● **WHAT TO PRODUCE**
Your copy should match the records exactly, except that no pictures appear in it.

● **RECORDS FOR THIS EXERCISE**
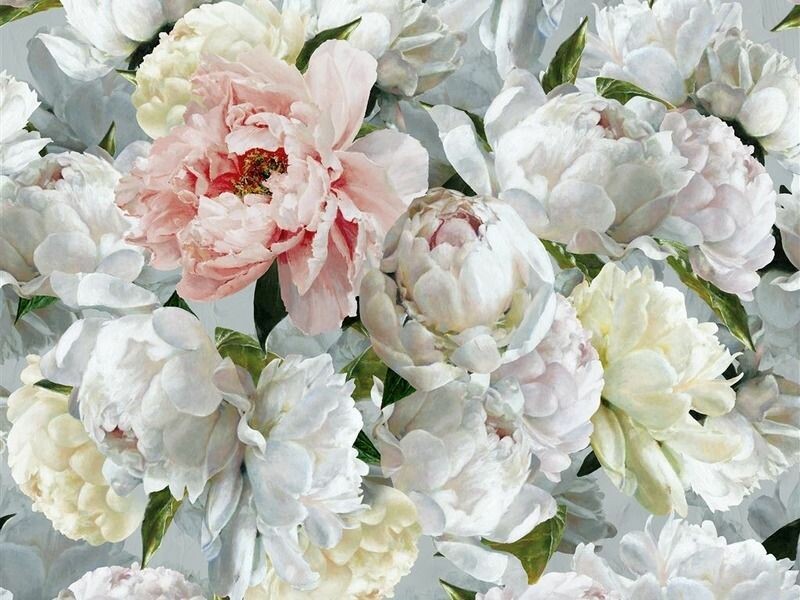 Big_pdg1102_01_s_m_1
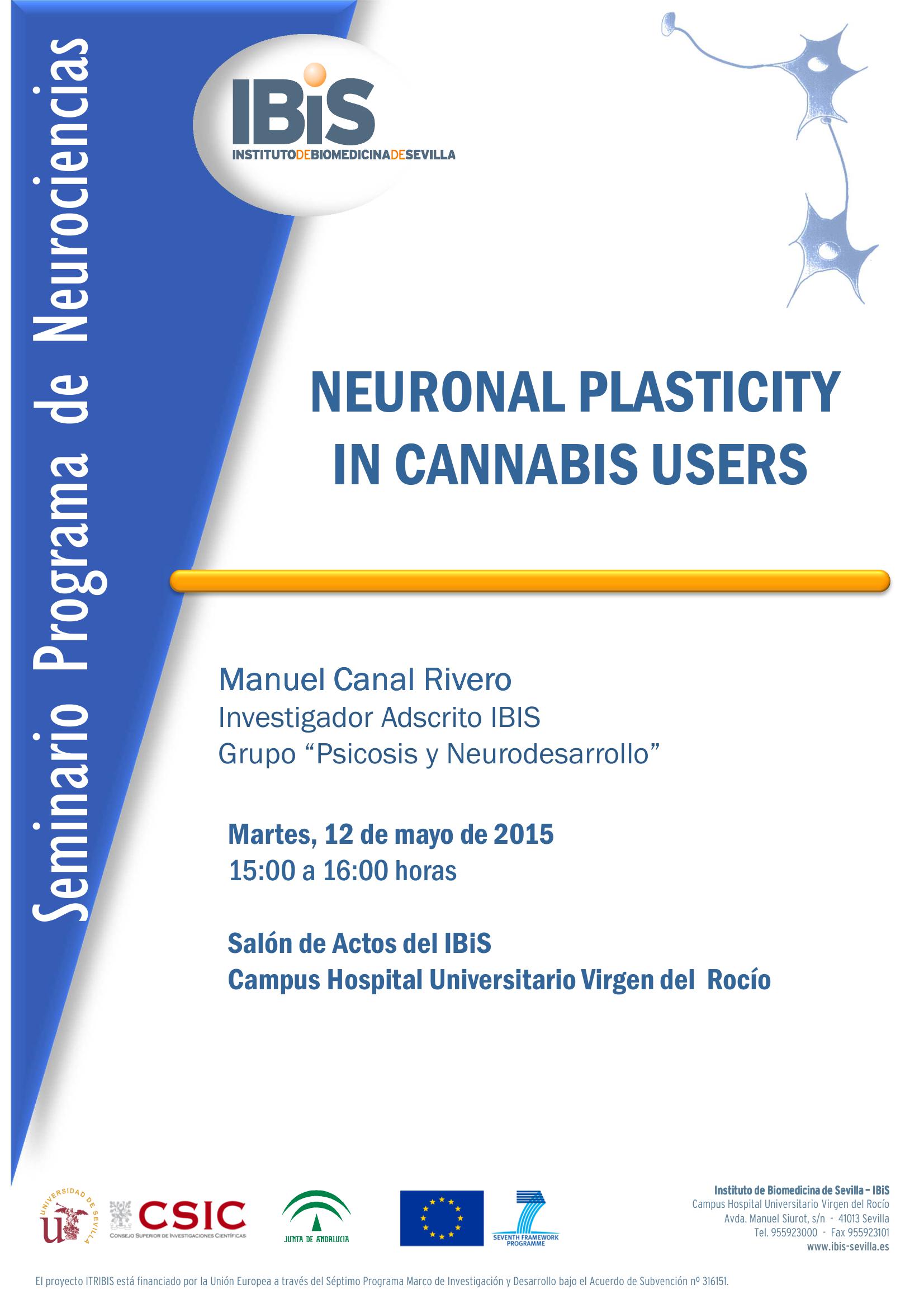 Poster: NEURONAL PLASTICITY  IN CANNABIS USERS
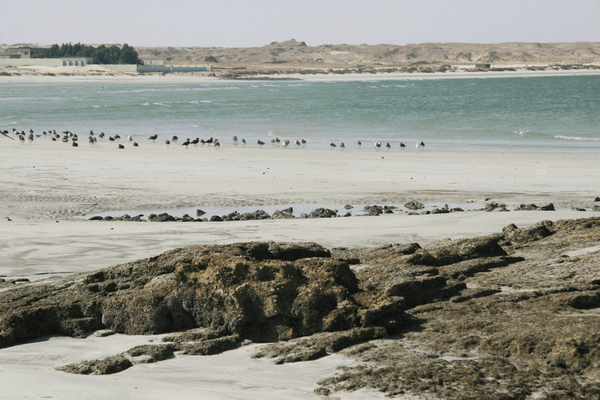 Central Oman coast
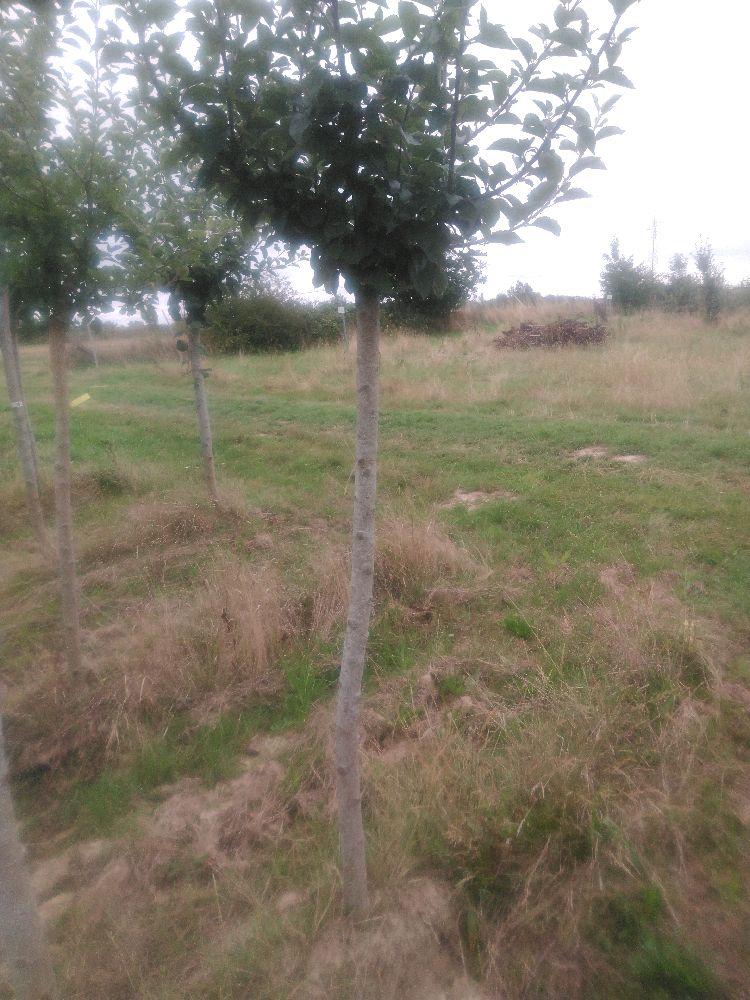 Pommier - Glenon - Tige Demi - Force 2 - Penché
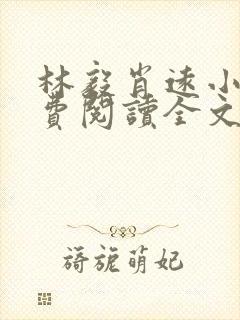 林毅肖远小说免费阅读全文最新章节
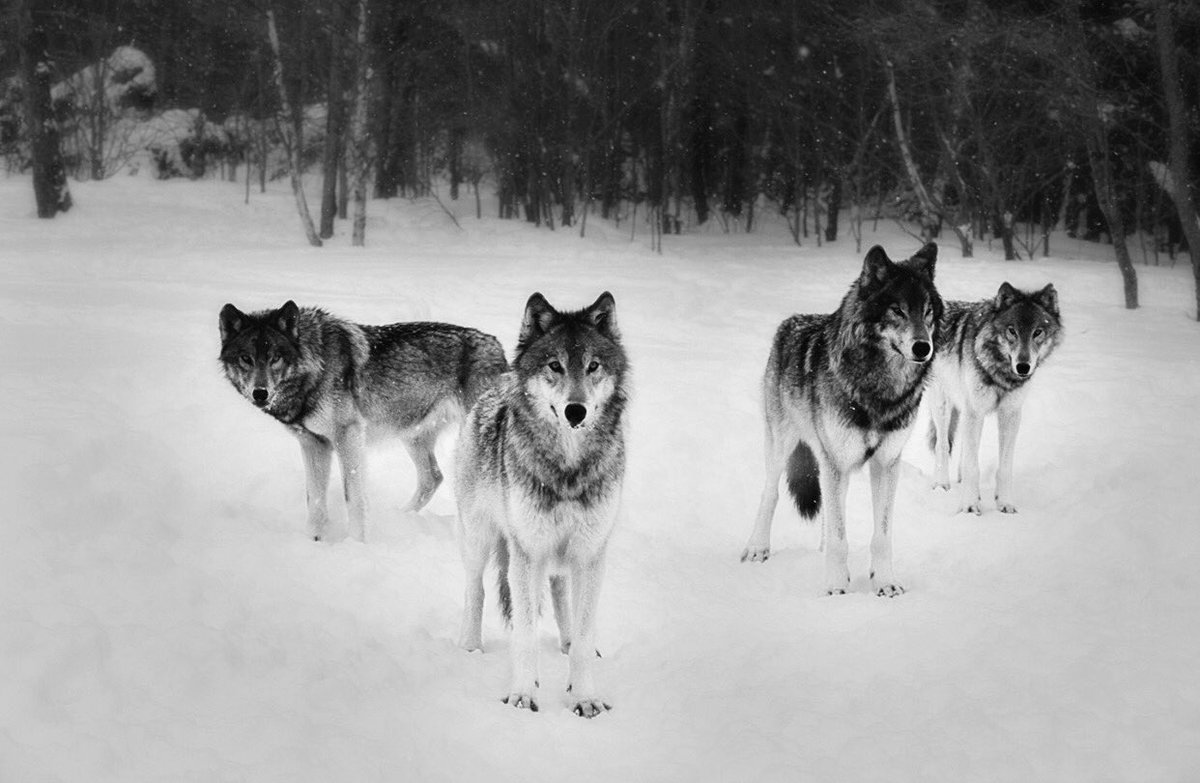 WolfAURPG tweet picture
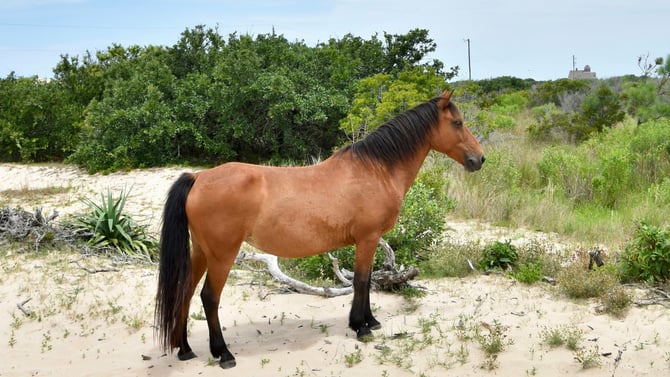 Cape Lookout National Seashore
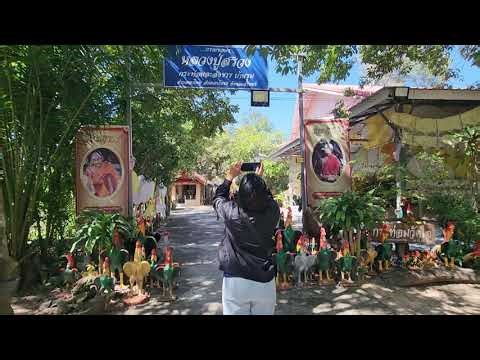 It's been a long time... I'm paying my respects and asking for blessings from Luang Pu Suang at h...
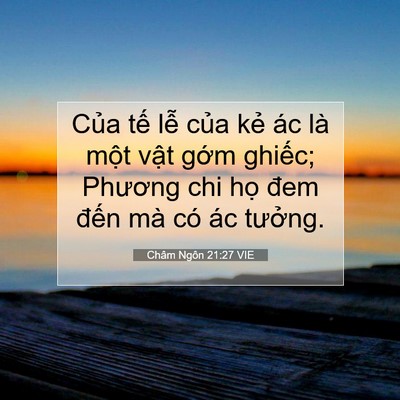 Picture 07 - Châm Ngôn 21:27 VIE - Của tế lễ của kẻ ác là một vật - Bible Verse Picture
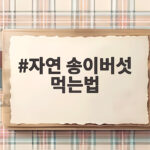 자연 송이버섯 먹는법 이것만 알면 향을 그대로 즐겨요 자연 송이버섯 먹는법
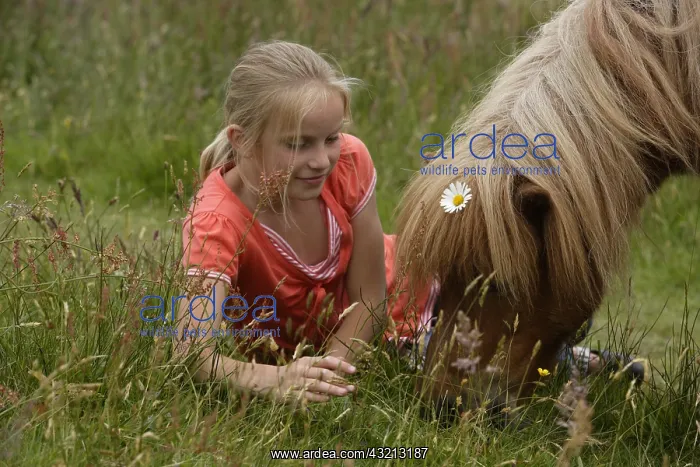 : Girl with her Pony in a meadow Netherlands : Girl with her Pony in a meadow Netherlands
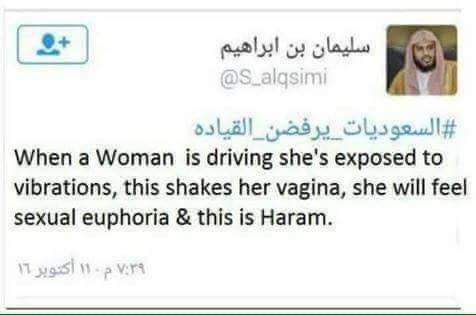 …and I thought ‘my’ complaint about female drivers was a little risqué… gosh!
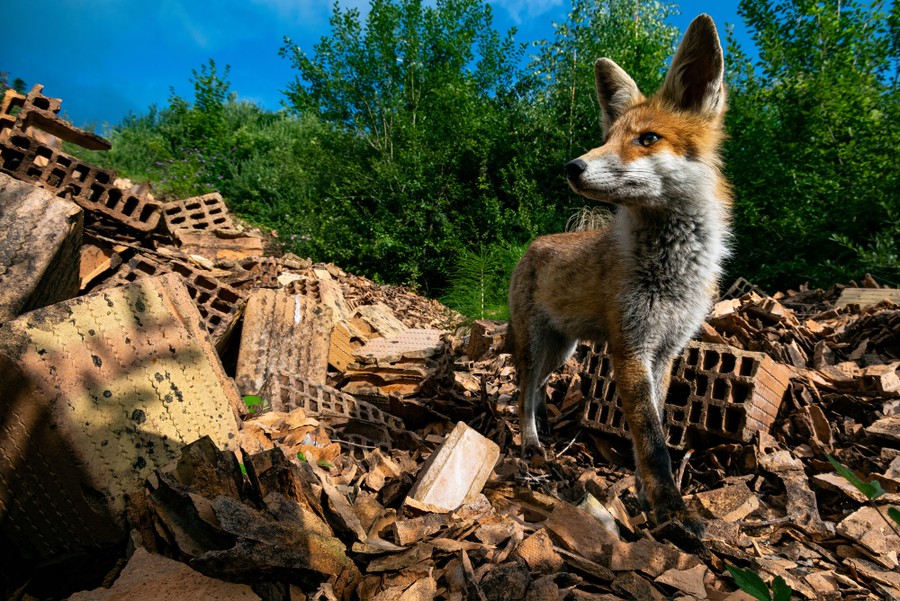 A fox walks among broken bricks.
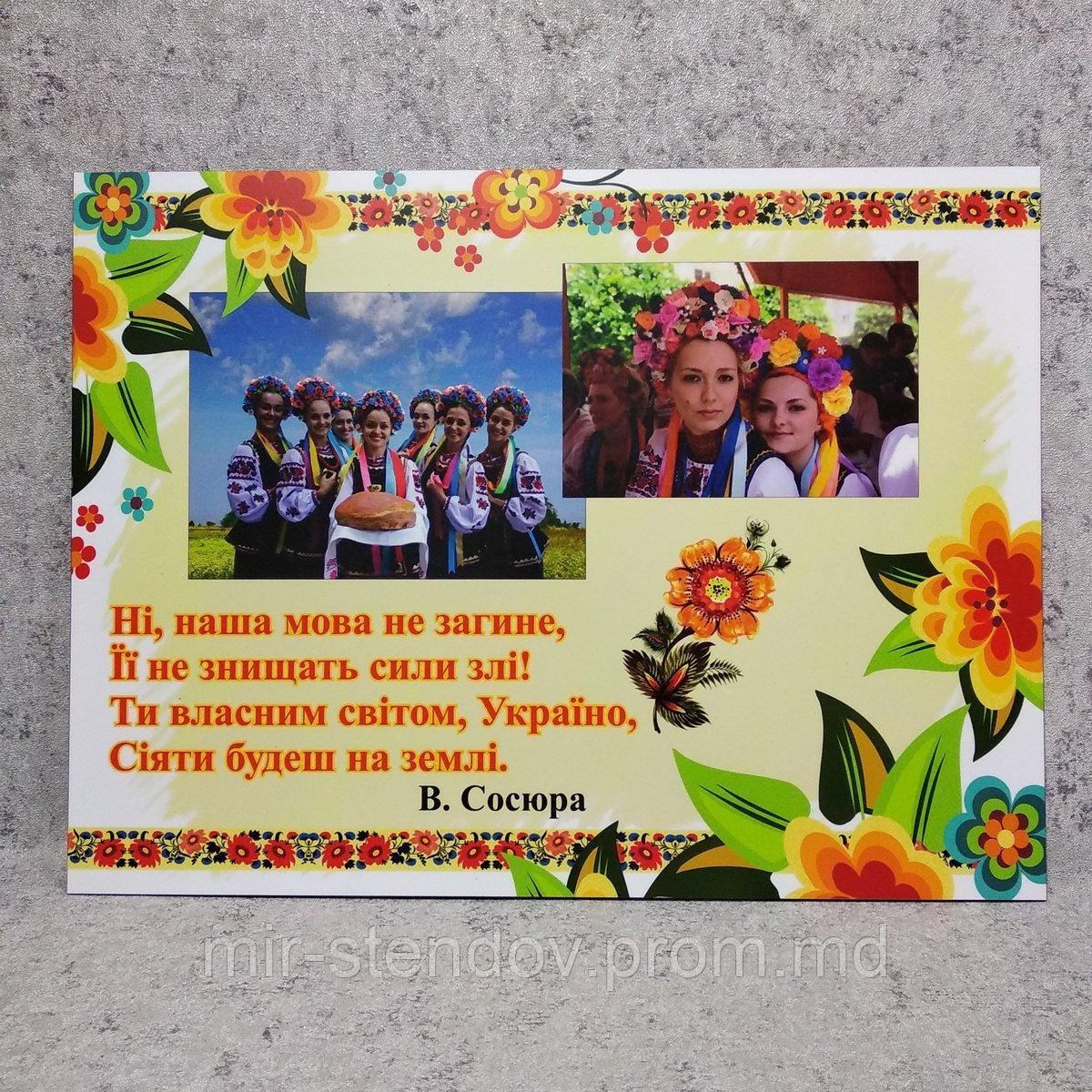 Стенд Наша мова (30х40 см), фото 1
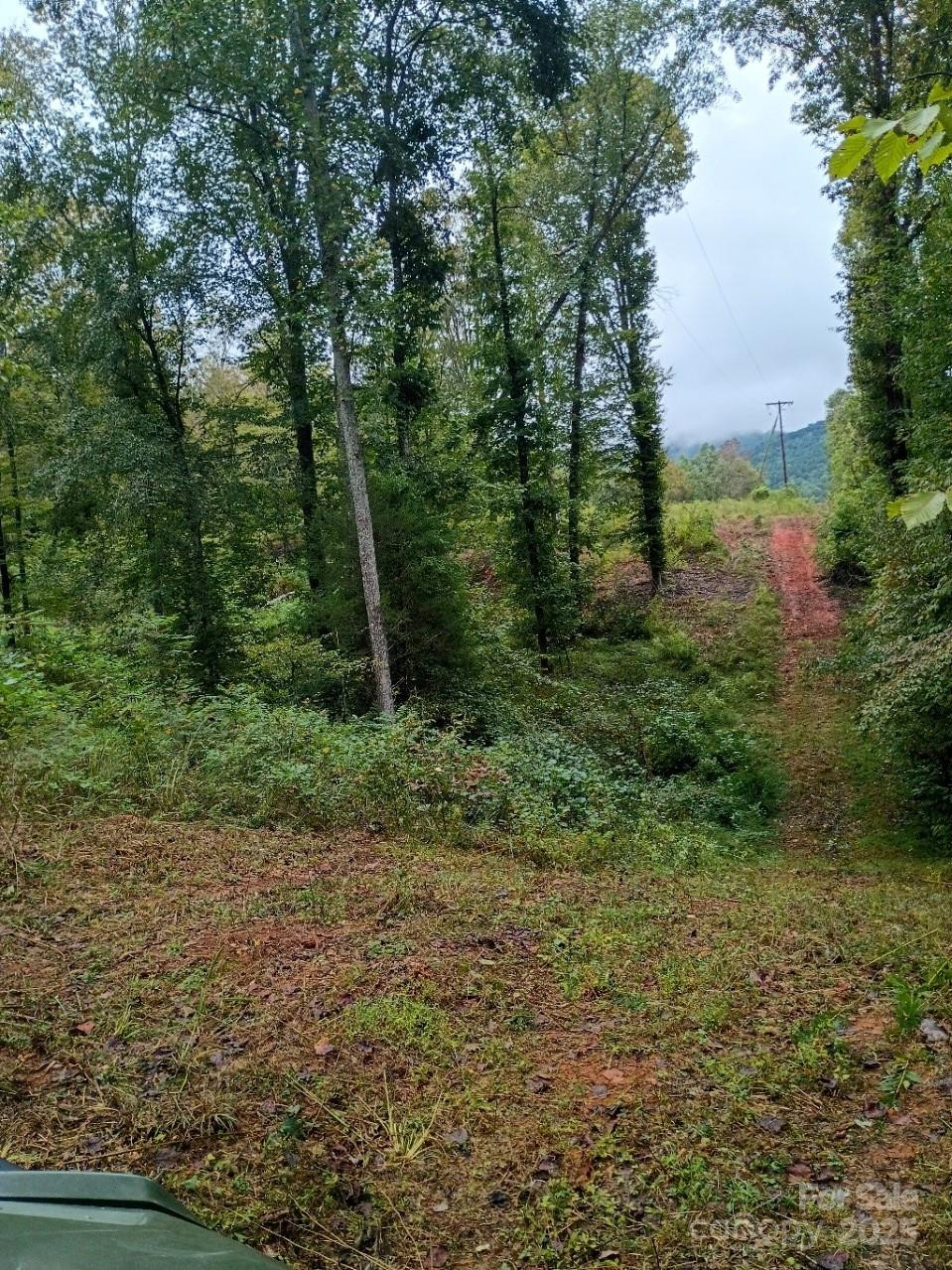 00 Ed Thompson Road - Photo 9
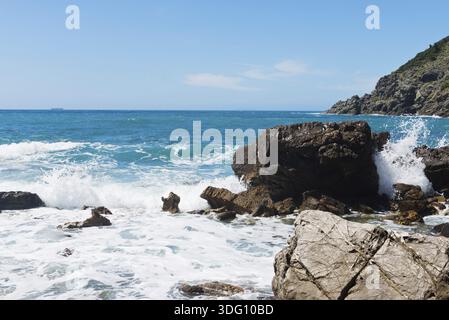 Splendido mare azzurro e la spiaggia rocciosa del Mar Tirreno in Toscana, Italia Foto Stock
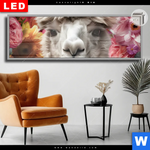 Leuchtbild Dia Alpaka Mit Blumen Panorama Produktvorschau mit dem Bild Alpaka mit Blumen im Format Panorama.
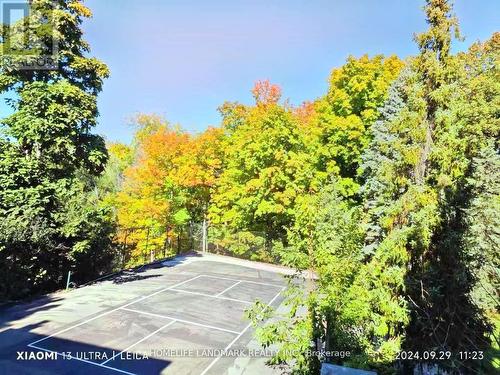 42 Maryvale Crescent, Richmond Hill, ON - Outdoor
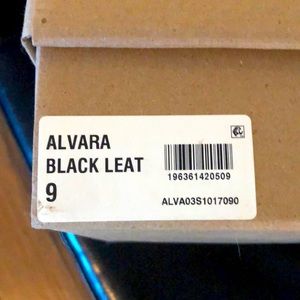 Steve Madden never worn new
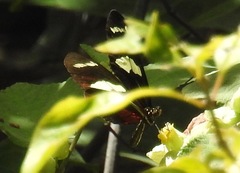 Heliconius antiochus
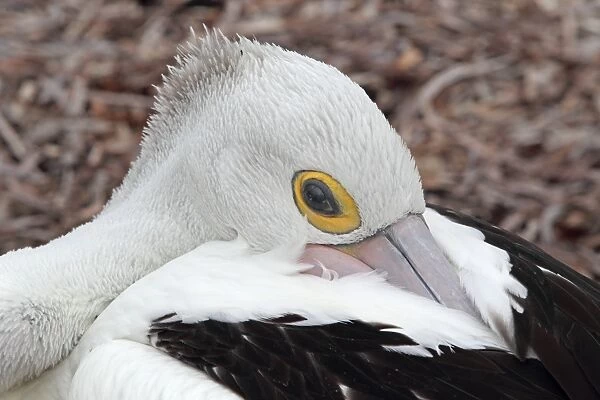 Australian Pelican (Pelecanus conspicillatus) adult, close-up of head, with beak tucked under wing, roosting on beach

● **YOUR SOLUTION**
 Big_pdg1102_01_s_m_1
 Poster: NEURONAL PLASTICITY  IN CANNABIS USERS
 Central Oman coast
 Pommier - Glenon - Tige Demi - Force 2 - Penché
 林毅肖远小说免费阅读全文最新章节
 WolfAURPG tweet picture
 Cape Lookout National Seashore
 It's been a long time... I'm paying my respects and asking for blessings from Luang Pu Suang at h...
 Picture 07 - Châm Ngôn 21:27 VIE - Của tế lễ của kẻ ác là một vật - Bible Verse Picture
 자연 송이버섯 먹는법 이것만 알면 향을 그대로 즐겨요 자연 송이버섯 먹는법
 : Girl with her Pony in a meadow Netherlands : Girl with her Pony in a meadow Netherlands
 …and I thought ‘my’ complaint about female drivers was a little risqué… gosh!
 A fox walks among broken bricks.
 Стенд Наша мова (30х40 см), фото 1
 00 Ed Thompson Road - Photo 9
 Splendido mare azzurro e la spiaggia rocciosa del Mar Tirreno in Toscana, Italia Foto Stock
 Leuchtbild Dia Alpaka Mit Blumen Panorama Produktvorschau mit dem Bild Alpaka mit Blumen im Format Panorama.
 42 Maryvale Crescent, Richmond Hill, ON - Outdoor
 Steve Madden never worn new
 Heliconius antiochus
 Australian Pelican (Pelecanus conspicillatus) adult, close-up of head, with beak tucked under wing, roosting on beach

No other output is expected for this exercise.